2. The blocking structure (2) according to claim 1, having at least two protrusions (5).

3. The barrier structure (2) according to claim 1 or 2, wherein the thickness of the inner wall measured by the projection (5) is between 0.1 mm and 5 mm.

4. The barrier structure (2) according to any one of claims 1 to 3, wherein the density of the outer wall (4) of the barrier structure (2) has a relative value between 40% and 70% of the density of the inner wall (3) of the barrier structure (2) at the projection (5).

5. The barrier structure (2) according to any one of claims 1 to 4, wherein the barrier material constituting the barrier structure (2) is mineral wool.

6. The blocking structure (2) according to any one of claims 1 to 5, wherein the projection (5) emerging from the inner wall (3) is rounded in the direction of the rotation axis (7) of the cylindrical body formed by the blocking structure (2).
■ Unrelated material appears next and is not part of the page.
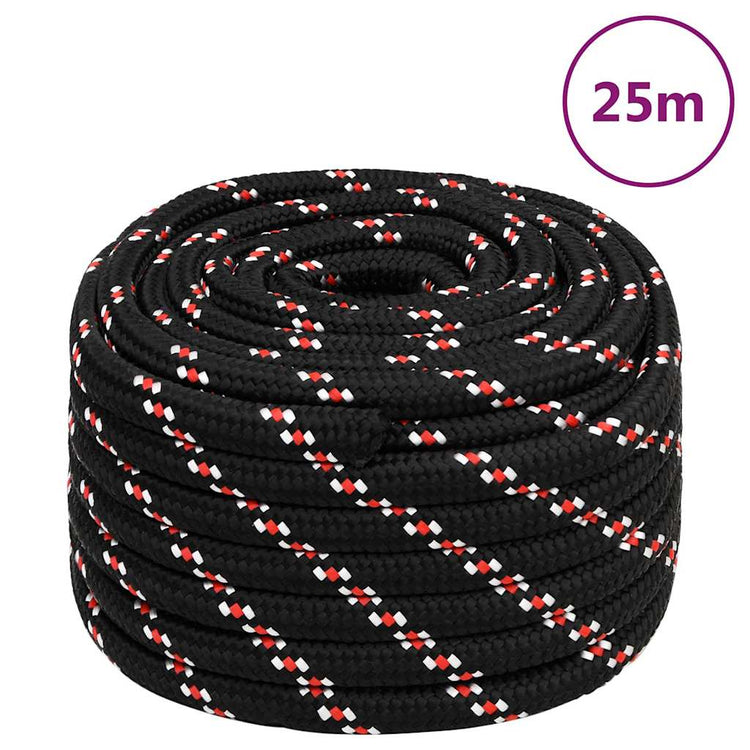 Corde à démarrage Vidaxl 20 mm 25 m de polypropylène noir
7. The barrier structure (2) according to any one of claims 1 to 6, having a plurality of protrusions (5) appearing from the inner wall (3), wherein the plurality of protrusions (5) are angularly distributed in a regular manner.

8. The barrier structure (2) according to any one of claims 1 to 7, wherein the outer wall (4) is covered with a layer of leak-resistant material.

9. The barrier structure (2) according to claim 8, wherein the layer of leak-resistant material covering the outer wall (4) is a metal foil.

10. A method for manufacturing a thermal and acoustic shielding structure (2) according to any one of claims 1 to 9, - A step of wrapping the portion of the barrier material (35) around a mandrel (31) having an inverted shape (32), - A step of heating the barrier material with the mandrel (31), - A step of pressing the aforementioned portion (35) of the barrier material onto the mandrel (31) with a roller (34), including, method.